More photos of progress, particularly a view with the tank on.  Note that the inside of my house looks nothing like as bad as the inside of my garage.


Fig. 1 General view of right side

The tank looks like it's running downhill  :-[, though, I think that's to do with the angle of the frame on the trolley.

The engine bars are now fabricated. They're constructed from GS500 bars, but modified to suit the frame.  Essentially, the only bit that didn't get modified on the right bar was the front bracket. The vertical bars are from the frame's pillion footrest tubes.  Nothing's going to waste  :).  That's not going to be a straight-through exhaust; just working out where the silencer is going to be installed; probably uphill at a 30 degree angle.


 
Fig. 2 Engine bars, right side

The engine bars will, hopefully, save the cases when the bike is dropped  :-[.  The header pipes run real close the front down tube and the engine case.
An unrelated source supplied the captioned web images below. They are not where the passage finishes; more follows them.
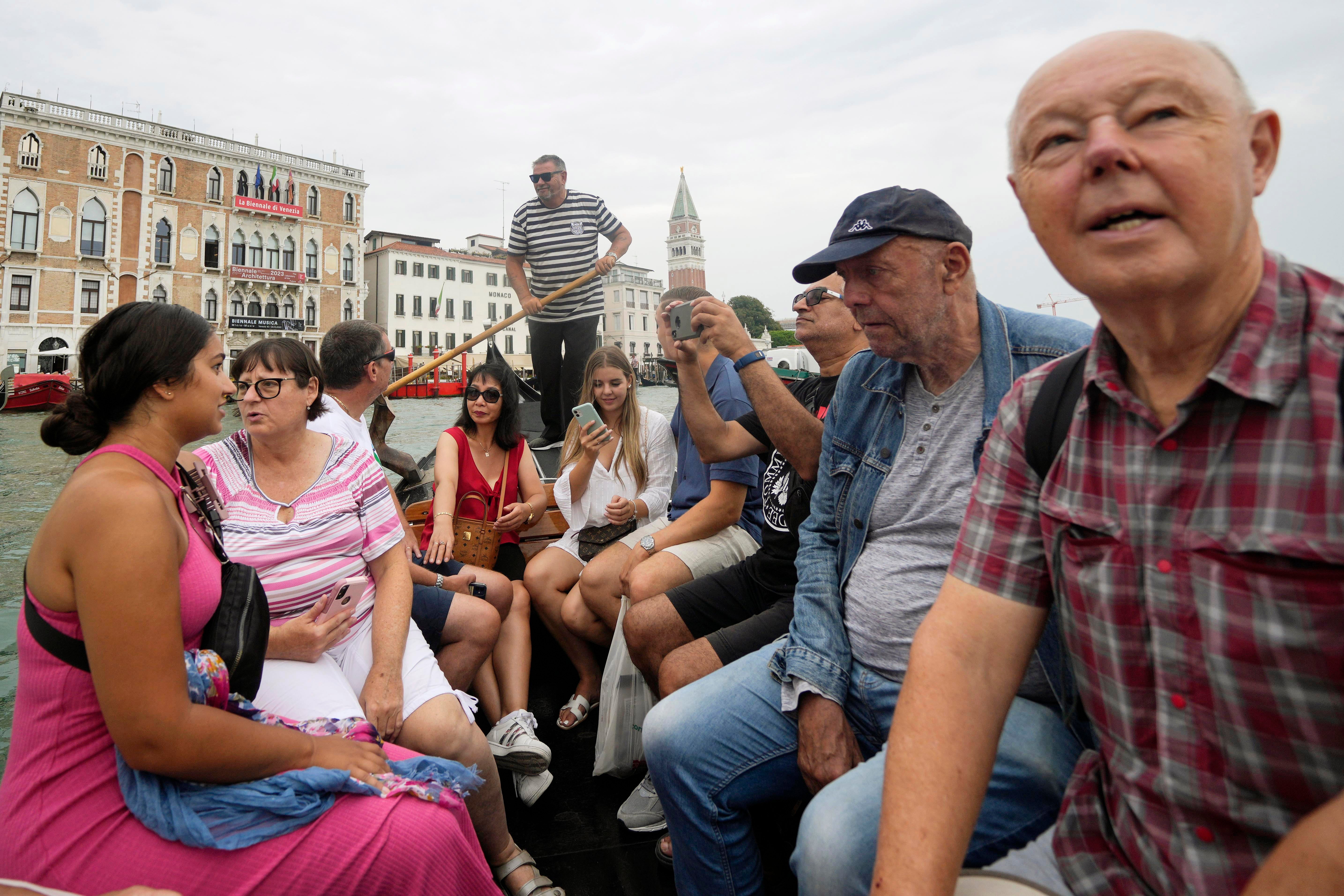 Tourists sit in a gondola during a short crossing of a canal, in Venice, Italy, Wednesday, Sept. 13, 2023. (AP Photo/Luca Bruno, File)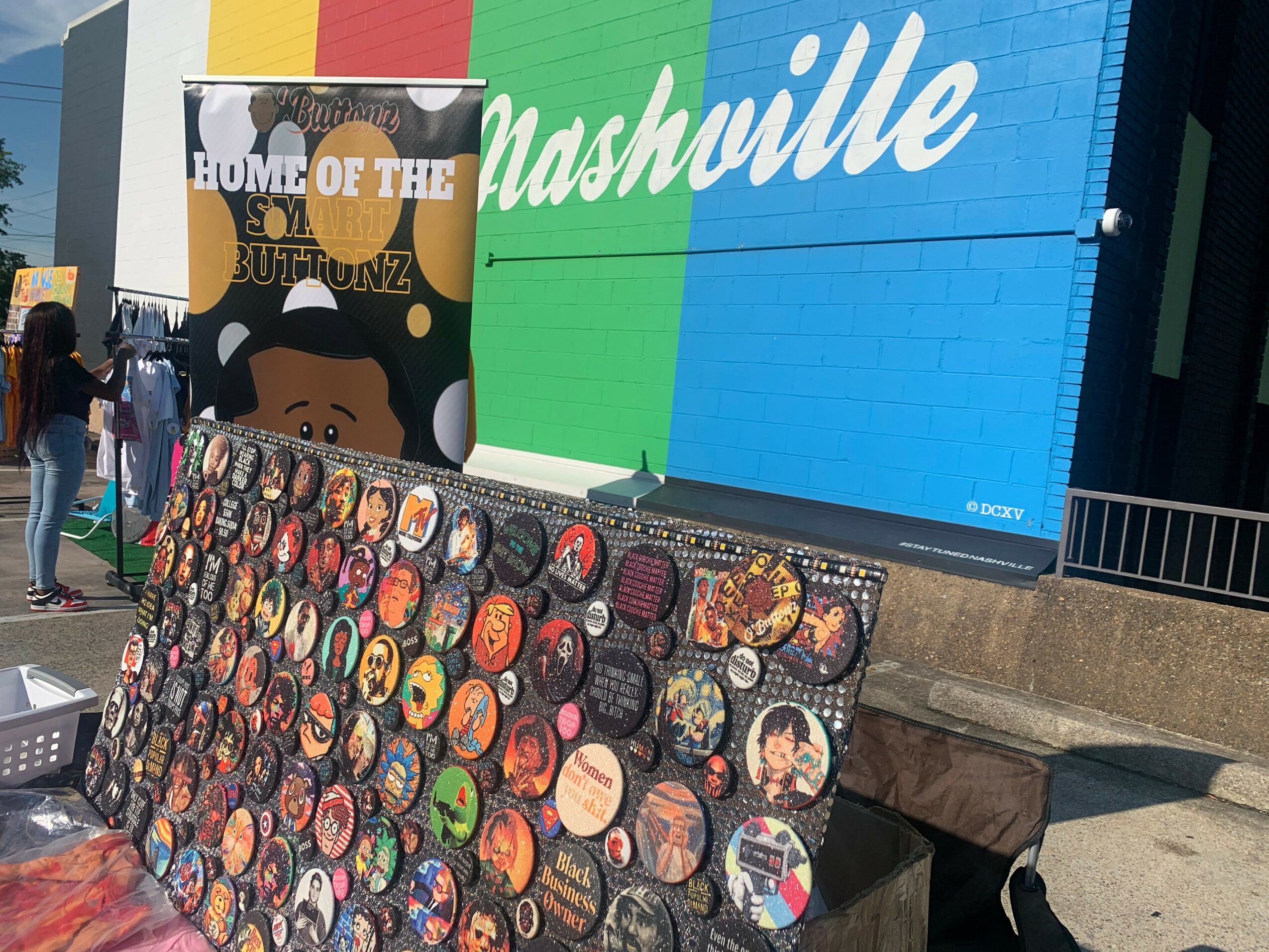 Outdoor market stall with colorful badges and a Nashville sign in the background.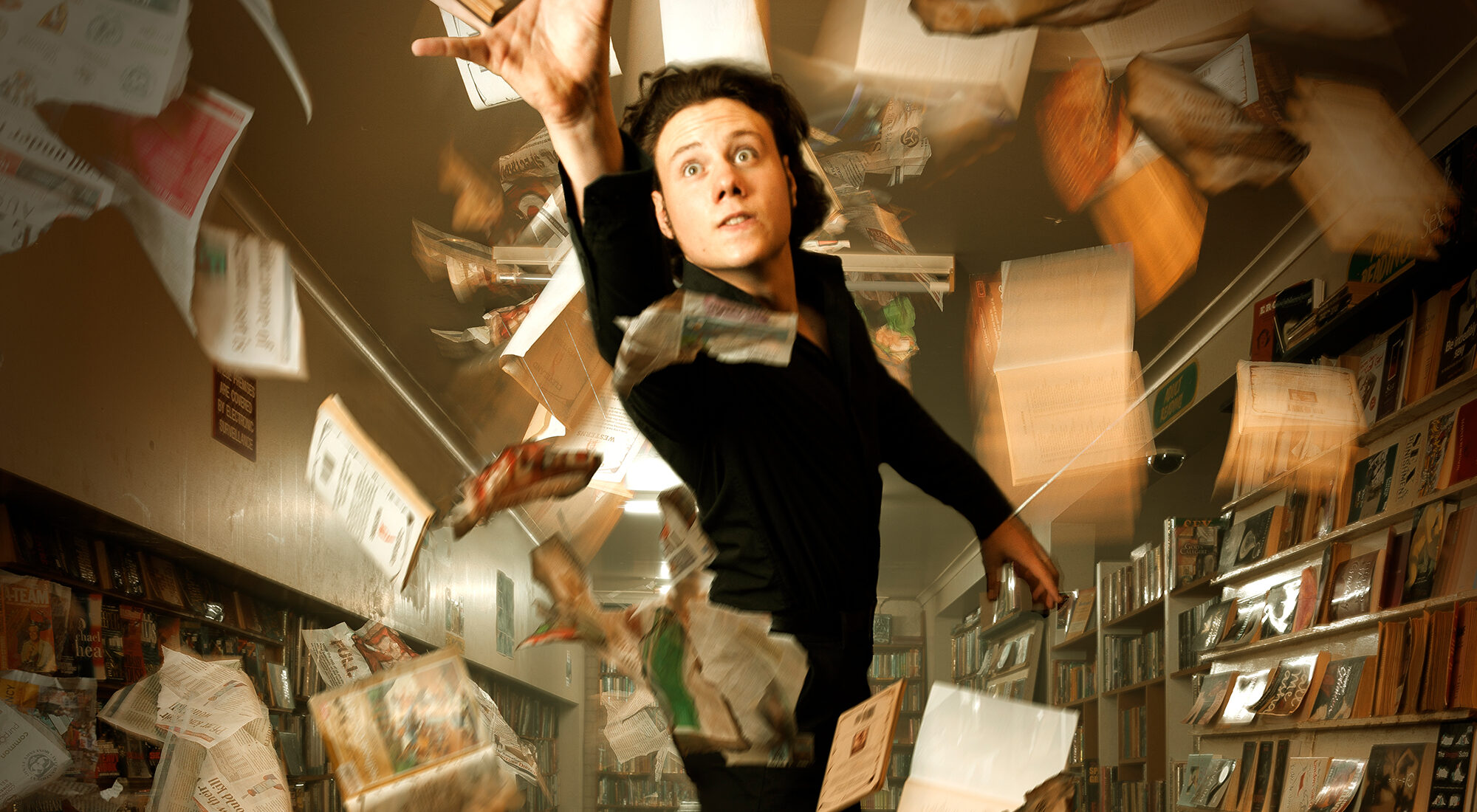 A person flying through a pile of paper in a bookstore.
A bash plate will protect the pipes and the sump.  The brake pedal can be glimpsed, currently held on with a pair of mole grips, awaiting modification.


Fig.3  Engine bars, left side

Less mucking about involved with the left engine bar  :); only had to alter the position of the rear bracket and weld a box section to the bottom tube of the frame.  The gear lever is shown without the linkage to the gear shaft; this linkage has still to be fabricated.

Ideally, I'd like to discard the sprocket cover, but it houses the clutch release mechanism.  As it is, I've cut away a lot of the interior webbing to allow the mud and crap to drop through  ;).

Still have some questions on what is the optimum ground clearance and optimum front suspension travel for MCC trials  :-\. Anyone got some opinions?